(Aim of the task) Among the entries below, one stretch runs from the line that contains "desfrutavam a sua" through the line that contains "deixa claro que". Repeat that stretch exactly, ends included, and only that.

[Records excerpted from a collection]
———
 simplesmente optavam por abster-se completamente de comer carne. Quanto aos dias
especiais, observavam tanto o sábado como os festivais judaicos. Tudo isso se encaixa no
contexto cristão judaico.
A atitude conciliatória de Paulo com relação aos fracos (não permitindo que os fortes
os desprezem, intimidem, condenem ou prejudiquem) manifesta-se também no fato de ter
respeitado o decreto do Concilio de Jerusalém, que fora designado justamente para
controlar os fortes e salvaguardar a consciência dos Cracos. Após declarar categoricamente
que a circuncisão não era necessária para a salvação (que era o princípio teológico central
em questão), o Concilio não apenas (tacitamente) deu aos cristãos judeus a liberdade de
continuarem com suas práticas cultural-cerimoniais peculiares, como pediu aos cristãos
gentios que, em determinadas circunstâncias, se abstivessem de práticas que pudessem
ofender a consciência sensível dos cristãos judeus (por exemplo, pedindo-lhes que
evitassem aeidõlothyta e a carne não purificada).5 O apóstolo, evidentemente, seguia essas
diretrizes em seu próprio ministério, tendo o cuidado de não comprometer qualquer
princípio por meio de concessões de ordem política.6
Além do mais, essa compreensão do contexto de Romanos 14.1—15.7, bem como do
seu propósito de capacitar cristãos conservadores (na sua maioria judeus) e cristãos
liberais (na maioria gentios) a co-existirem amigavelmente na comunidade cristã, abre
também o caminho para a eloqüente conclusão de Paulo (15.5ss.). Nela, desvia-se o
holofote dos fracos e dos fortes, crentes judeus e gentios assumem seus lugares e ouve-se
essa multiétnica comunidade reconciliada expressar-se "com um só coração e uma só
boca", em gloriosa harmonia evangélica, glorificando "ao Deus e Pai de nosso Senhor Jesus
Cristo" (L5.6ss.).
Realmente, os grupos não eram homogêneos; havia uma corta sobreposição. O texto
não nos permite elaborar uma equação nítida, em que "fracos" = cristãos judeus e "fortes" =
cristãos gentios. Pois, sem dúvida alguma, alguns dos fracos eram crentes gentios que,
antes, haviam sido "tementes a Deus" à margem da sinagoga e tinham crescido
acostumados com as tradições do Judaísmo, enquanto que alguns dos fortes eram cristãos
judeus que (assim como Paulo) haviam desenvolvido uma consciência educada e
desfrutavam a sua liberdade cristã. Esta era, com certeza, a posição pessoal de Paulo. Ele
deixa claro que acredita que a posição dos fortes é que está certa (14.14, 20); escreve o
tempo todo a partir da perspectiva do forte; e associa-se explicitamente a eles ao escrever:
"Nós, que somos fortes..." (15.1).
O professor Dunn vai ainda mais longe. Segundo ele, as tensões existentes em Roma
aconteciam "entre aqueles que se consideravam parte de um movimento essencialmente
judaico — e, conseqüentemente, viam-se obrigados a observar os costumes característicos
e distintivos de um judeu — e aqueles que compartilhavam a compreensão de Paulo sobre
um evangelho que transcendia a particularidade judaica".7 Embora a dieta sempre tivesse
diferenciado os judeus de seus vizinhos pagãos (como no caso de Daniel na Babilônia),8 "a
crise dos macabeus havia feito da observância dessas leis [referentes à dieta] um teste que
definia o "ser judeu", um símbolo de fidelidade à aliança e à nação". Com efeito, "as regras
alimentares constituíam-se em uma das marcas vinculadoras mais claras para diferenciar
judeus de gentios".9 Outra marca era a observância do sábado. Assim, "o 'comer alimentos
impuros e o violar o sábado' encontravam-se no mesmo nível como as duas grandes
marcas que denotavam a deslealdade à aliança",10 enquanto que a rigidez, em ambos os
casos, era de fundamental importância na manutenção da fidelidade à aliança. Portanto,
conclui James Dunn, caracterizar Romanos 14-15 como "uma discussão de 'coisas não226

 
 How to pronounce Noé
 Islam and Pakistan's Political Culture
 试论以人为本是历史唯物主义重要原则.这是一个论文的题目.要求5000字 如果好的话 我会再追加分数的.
———
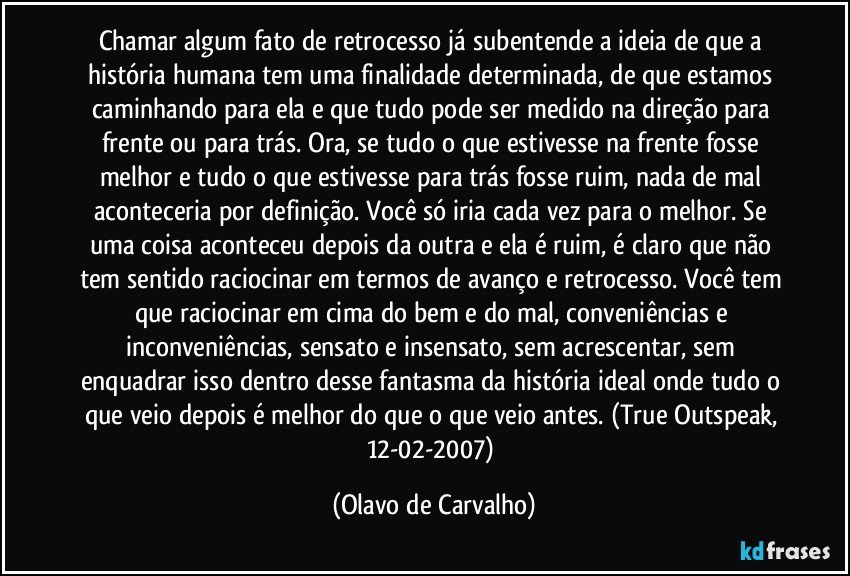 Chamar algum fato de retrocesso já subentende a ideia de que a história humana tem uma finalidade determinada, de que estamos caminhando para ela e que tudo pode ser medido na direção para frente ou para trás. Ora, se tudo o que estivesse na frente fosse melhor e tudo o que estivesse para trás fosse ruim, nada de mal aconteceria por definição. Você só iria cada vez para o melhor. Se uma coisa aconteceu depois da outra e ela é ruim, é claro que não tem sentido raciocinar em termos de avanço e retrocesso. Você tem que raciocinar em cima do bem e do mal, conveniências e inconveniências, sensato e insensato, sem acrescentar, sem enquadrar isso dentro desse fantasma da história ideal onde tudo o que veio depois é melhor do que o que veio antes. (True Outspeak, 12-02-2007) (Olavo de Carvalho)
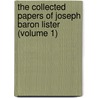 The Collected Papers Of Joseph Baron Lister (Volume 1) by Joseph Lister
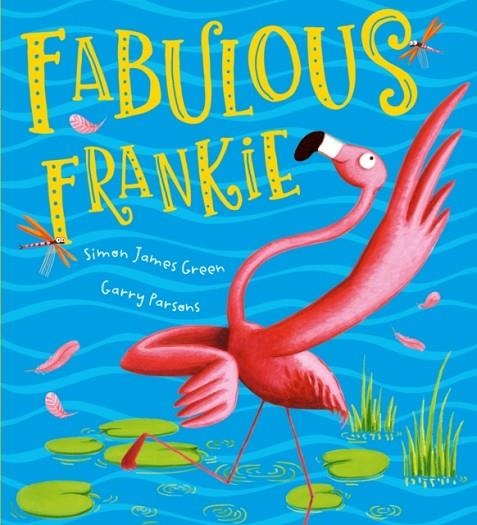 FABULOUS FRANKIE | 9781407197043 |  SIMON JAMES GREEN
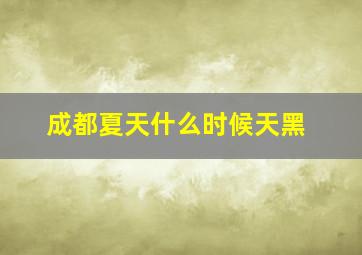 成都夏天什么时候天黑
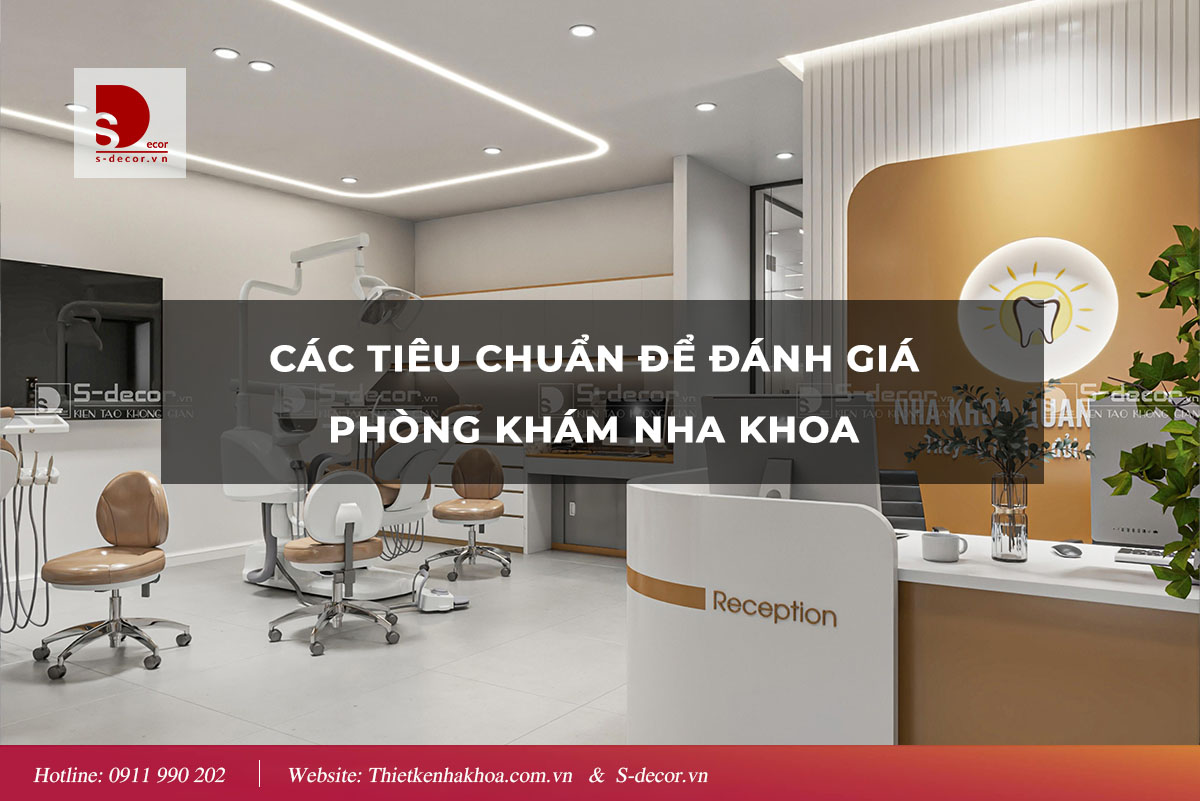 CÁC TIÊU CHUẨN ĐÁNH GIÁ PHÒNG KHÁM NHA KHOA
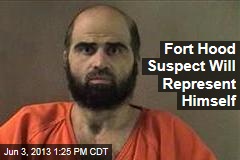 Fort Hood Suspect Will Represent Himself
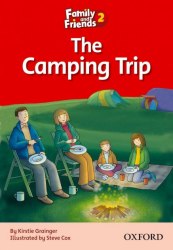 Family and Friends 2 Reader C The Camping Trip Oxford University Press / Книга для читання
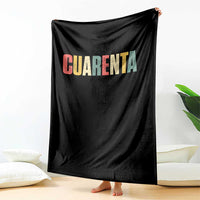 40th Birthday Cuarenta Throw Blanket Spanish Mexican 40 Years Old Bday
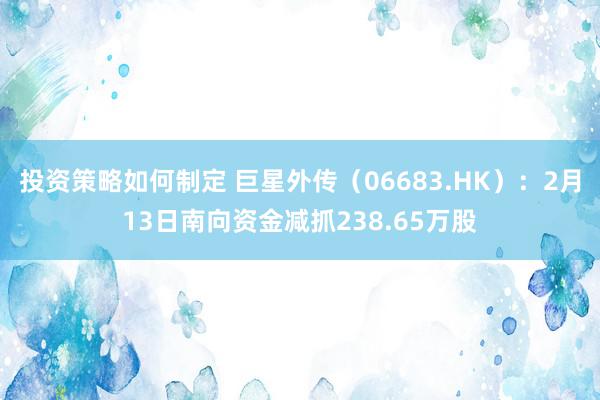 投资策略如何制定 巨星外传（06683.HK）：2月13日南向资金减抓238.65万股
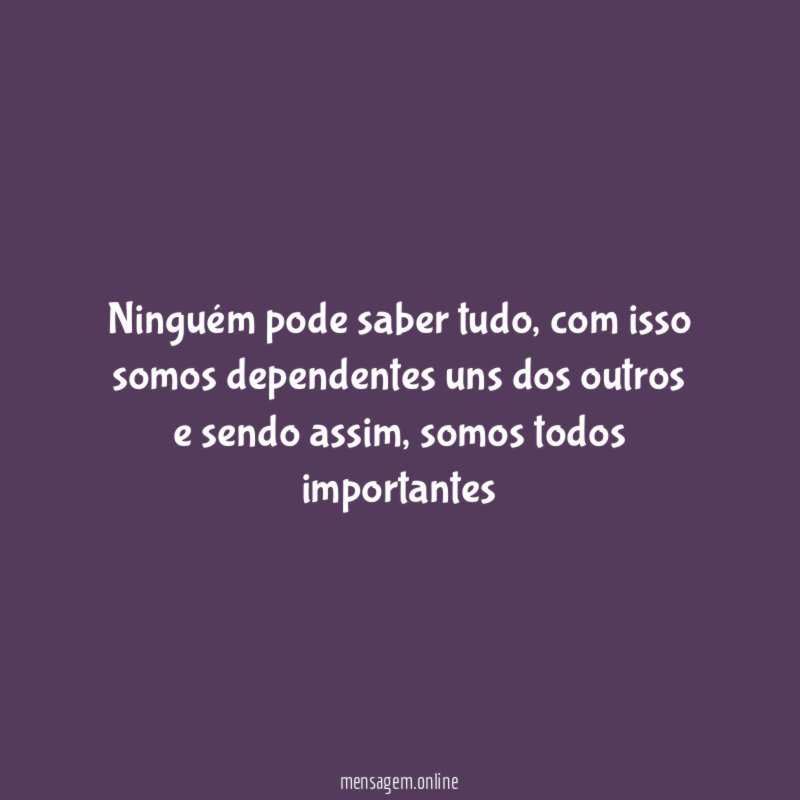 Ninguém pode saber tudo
———
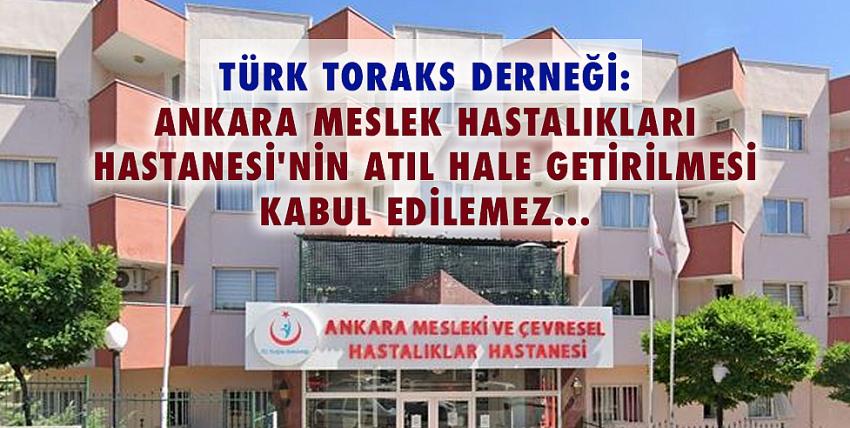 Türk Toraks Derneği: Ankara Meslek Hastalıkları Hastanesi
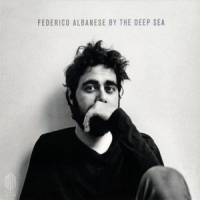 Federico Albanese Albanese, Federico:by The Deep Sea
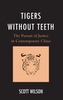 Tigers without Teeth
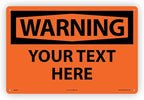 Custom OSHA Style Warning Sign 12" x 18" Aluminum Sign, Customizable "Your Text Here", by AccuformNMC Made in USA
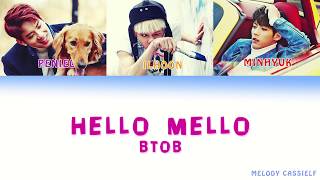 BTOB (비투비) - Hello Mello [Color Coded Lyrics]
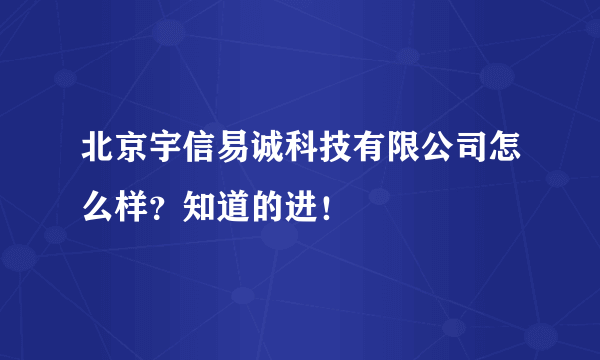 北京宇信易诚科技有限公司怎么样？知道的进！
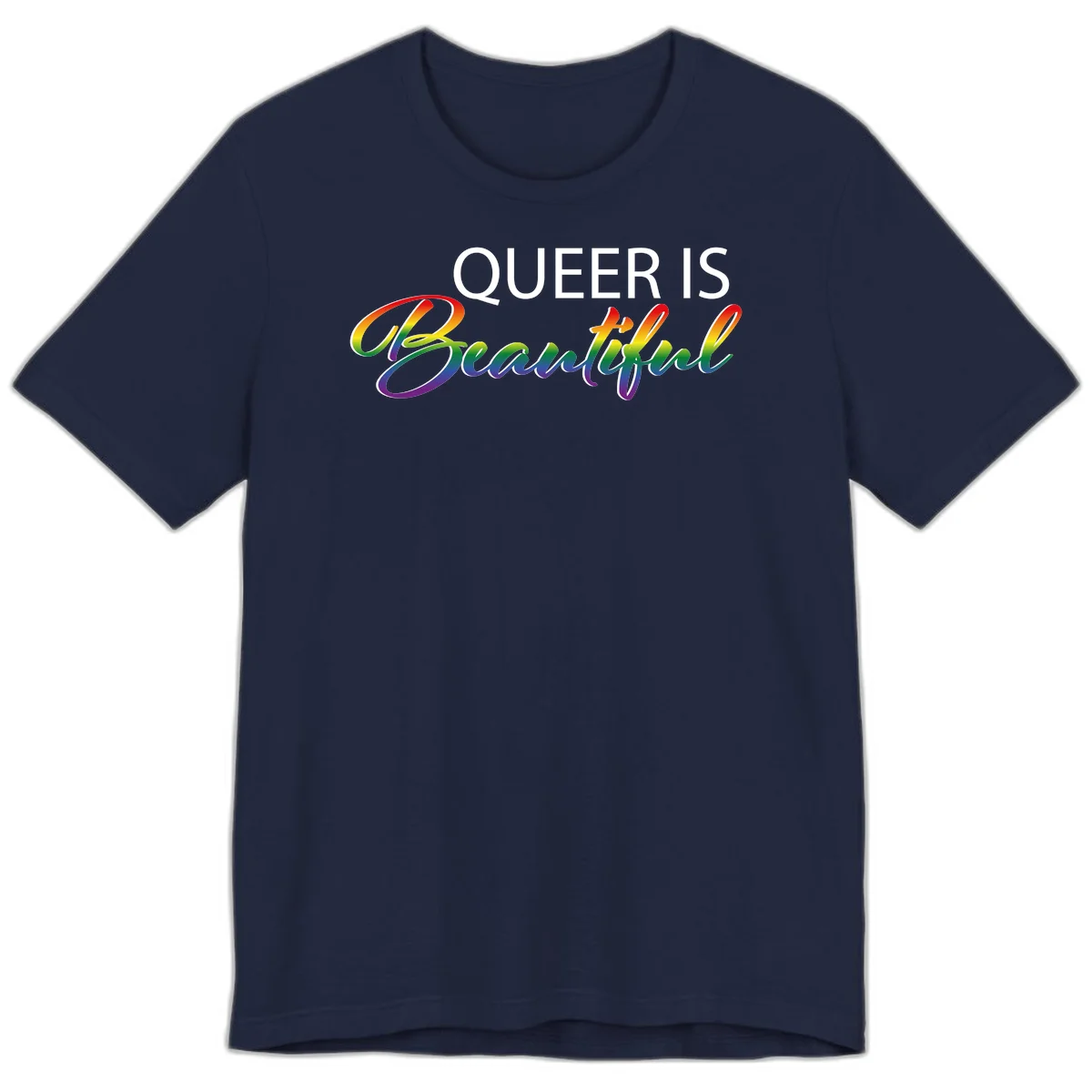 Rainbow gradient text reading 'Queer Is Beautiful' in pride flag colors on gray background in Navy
———
(Exercise solution)
desfrutavam a sua liberdade cristã. Esta era, com certeza, a posição pessoal de Paulo. Ele
deixa claro que acredita que a posição dos fortes é que está certa (14.14, 20); escreve o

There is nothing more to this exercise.